At one stroke, the Easter Day massacre brings to mind the combination of the LTTE attacks in Anuradhapura (1985), Kathankudy (1990) and Kandy (1998) at different times, where Buddhist pilgrims and Muslim faithful fell victims. The thoroughness with which it was executed should remind Sri Lankan investigators about the LTTE’s Kattanayake attack. It looks as if the Easter Day job was not that of the LTTE, but it is possible that the perpetrators – hoping and believing that they were all locals – may have studied the Kattanayake attack (2001) and such others by other groups across the world, and closely so.

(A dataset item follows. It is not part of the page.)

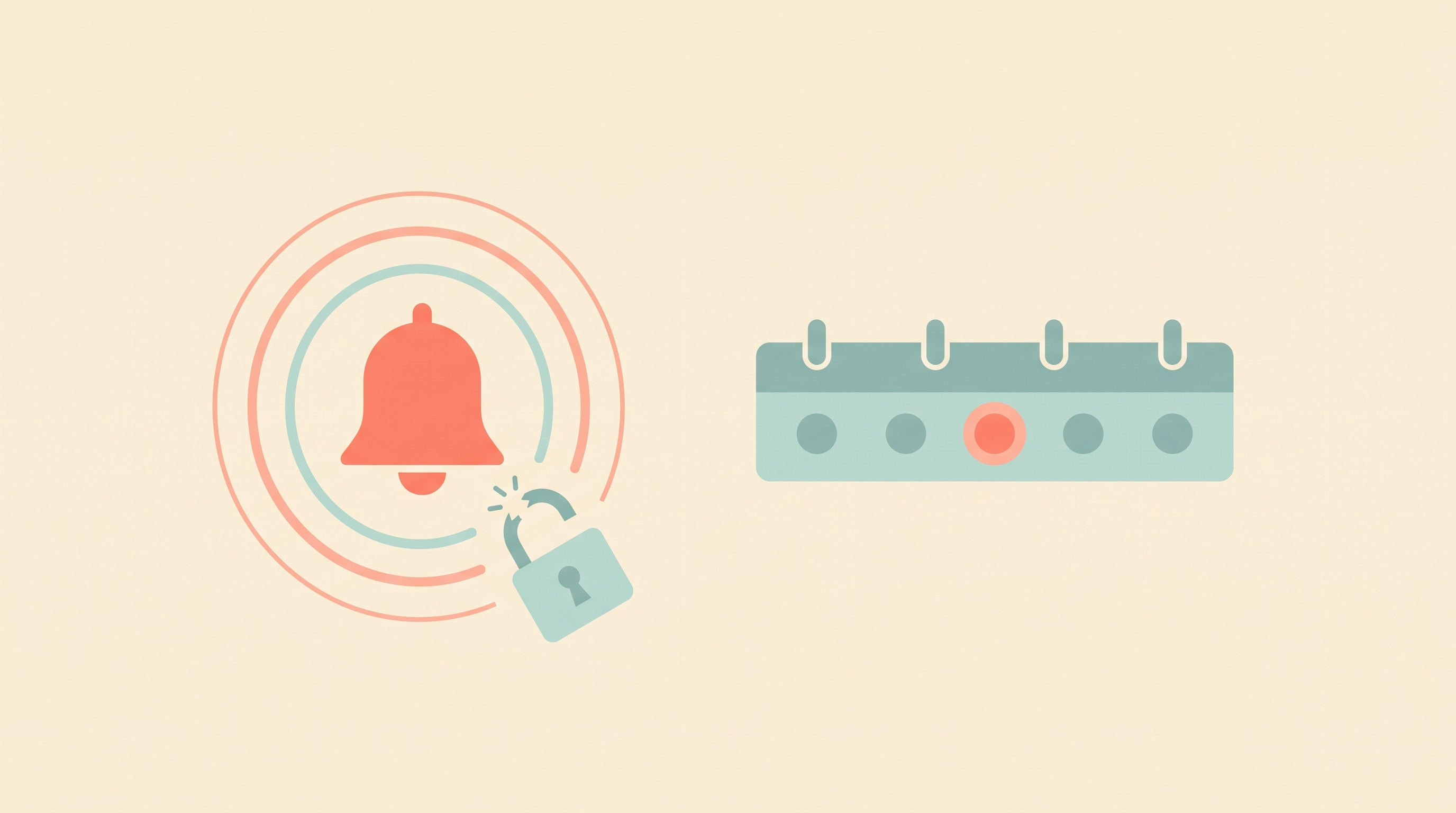 A phone notification bell breaking free of a small open padlock that had been silently muting it, gentle radiating pulse rings around the bell, beside a simple calendar strip with one day softly highlighted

If at the end of it all, someone were to say that it all flowed from the Sri Lankan State’s neglect and indifference to a particular religious group, or had also to do with it, the ‘justification’ (???) could well date back to 1916, a hundred-plus years ago. It could then include the LTTE era episodes, and the more recent Batticaloa and Kandy events of the previous year.

This is not to leave out the Rajapaksa era handiwork of BBS, or Bodu Bala Sena, the self-styled centre-right Buddhist militant movement, which was of use to powers outside the nation, too, to serve their own political and electoral purposes, closer to home in Sri Lanka. Yet, the BBS types were all Buddhists, though Sinhala-speaking, but not those targeted victims of ‘Easter Day massacre’. There can only be hope that outsider-nations do not have such ambitious designs on Sri Lanka any more, and insider-ambitions do not fuel them, either.

If however, the Government had learnt something from the last year’s one-sided communal riots at Batticaloa and Kandy, it was not to waste time, but to impose nation-wide emergency, curfew and social media stoppage. The Government lost not much time in doing so this time, too, and the nation’s mainline media seems to have commendably cooperated with the authorities, this time as much as in the previous year, too!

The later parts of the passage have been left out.